Porque, para quem não sabe, Gabriela Mistral, poeta chilena que viveu na primeira metade do século XX (inclusive um tempo aqui em nossa terra brasilis) foi a primeira a ganhar o Nobel da Literatura na América Latina. Sim, quando digo primeira, não estou dizendo primeira mulher, estou dizendo primeira pessoa (só essa pequena sentença já dava uma hora de conversas regadas de Beuvoir), antes do seu conterrâneo Pablo, bem antes do colombiano García Marquez. Mas nós devemos achar que isso foi uma distraçãozinha do povo lá de Estolcomo, já que não a traduzimos, não a citamos, não a lembramos. (mas sem o Neruda, ó, céus, como falar de amor sem Neruda?)
Não, não quero falar mal de Neruda nem de seus poemas, pelos quais igualmente suspiro. Menos ainda de García Marquez, que todos sabem ser meu encantador de realidades favorito. Tampouco quero desmerecer a constância em toda e qualquer estante de Machados, Josés, Jorges e afins. Só que eles não podem estar lá sozinhos.  As mulheres escritoras não podem estar embaixo. Se Zélia e Jorge se escolheram mutuamente como companheiros de vida e letras, agora os separamos por cima e baixo, visível e invisível na prateleira?
Porque isso, travestida de uma vaga ideia (um cado obtusa) de excelência literária, tem tudo a ver com a desconsideração da mulher como ser pensante, como alguém que tem algo interessante a dizer. As mulheres são objetos dos olhares, são personagens das narrativas, são musas inspiradoras das odes.  Devem, por isso, deitar-se confortavelmente em um divã, fazer pose, e esperar que se diga tudo sobre elas.
Mas não são dignas de pegar a caneta. De terem suas vozes ouvidas e consideradas. Se falam, até é tolerado. Mas nunca o mesmo espaço. Nunca a mesma divulgação. Nunca, nem mesmo, a mesma leitura.
Se falam, diz-se “falam como mulheres”. Como se isso fosse evidente. Como se isso fosse um desvio da fala “neutra” do homem.

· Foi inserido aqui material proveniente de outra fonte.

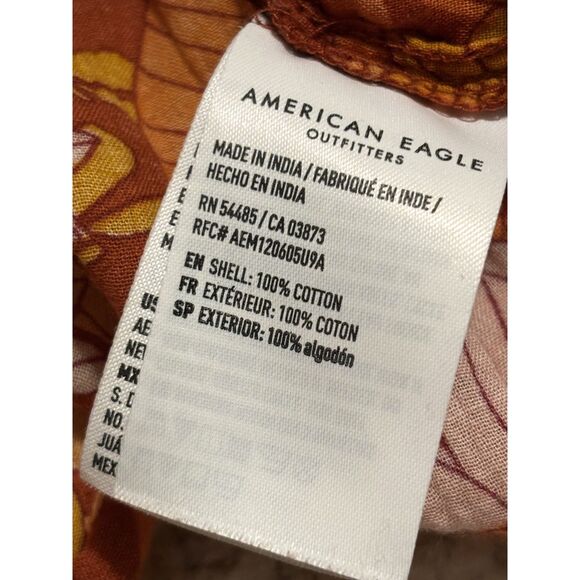 American Eagle Floral Peasant Cotton Blouse M Boho 70s Hippie Retro y2k - Picture 4 of 8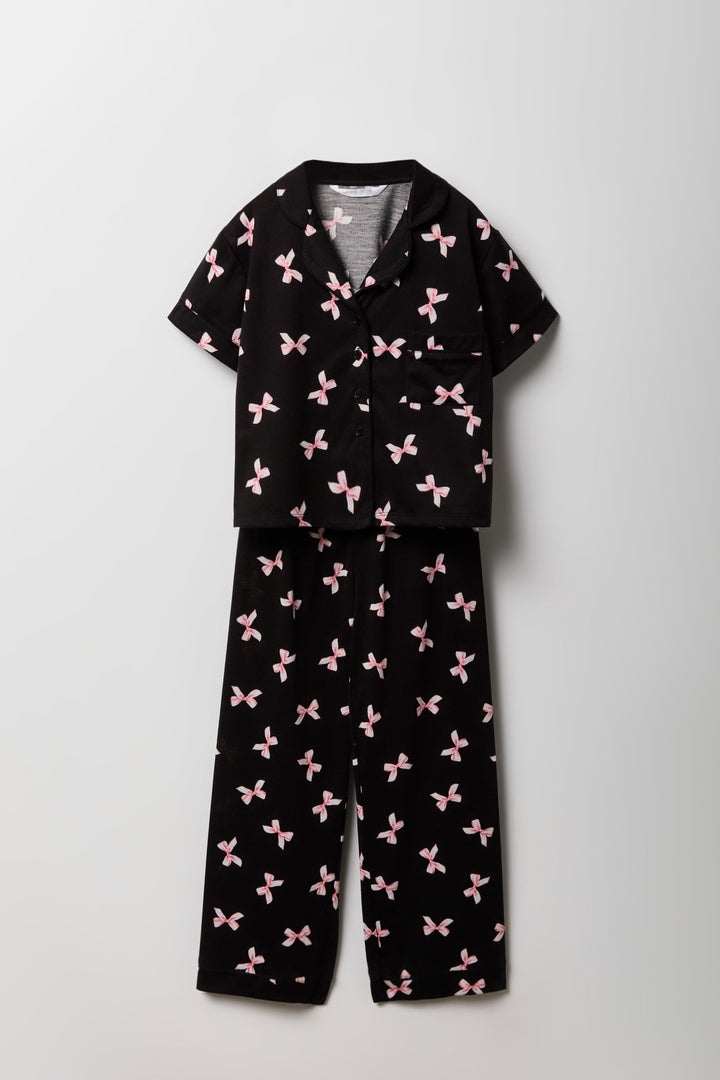 Ensemble pyjama avec haut boutonné imprimé et pantalon pour fille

Lembro vivamente do dia que ouvi Isabel Allende na Flip. Uma das palestras mais impactantes e transformadoras que já vivi em minha vida. Questionada sobre as críticas que sofria por ser “muito romântica”, Isabel riu e perguntou.
- Você já leu “O Amor nos tempos do cólera”? Então me diz porque ninguém critica o Gabriel por isso? Porque não consigo pensar em um romance mais água com açúcar. Ah, sim, porque ele é homem. Ele pode escrever o que quiser. O problema é que a mulher vai ser criticada pelo que quer que ela escreva.
O que me faz pensar em um poema do século XVIII que encontrei esses dias, que fala justamente sobre a dificuldade enfrentada pela mulher que quer escrever. Somos tão “igualitários” e tão “evoluídos” e “estamos cansados das feministas vendo problema em tudo”. Mas o poema segue atual.

Eu, de minha parte, seguirei reclamando. Quero chegar à livraria e, na festa dos livros conhecidos e ainda a serem lidos, ver elas, minhas autoras. Quero poder esbarrar com elas bem no meio da estante, ou – ainda – na bancada, em franco destaque. Quero ouvir o que elas têm a me dizer sem ter que ir procurá-las nos recantos. Quero-as na altura dos meus olhos. Quero poder ver-me nelas e que me vejam também elas.
Por isso, cada vez mais: ler mulheres, escrever sobre mulheres, declamar mulheres.
Por uma estante para também chamar de nossa.


Ps: Em tempo, reclamei com funcionários da livraria que, um pouco sem graça, explicaram algo sobre o rodízio de livros que não fez exatamente sentido, mas disseram que ficariam atentos.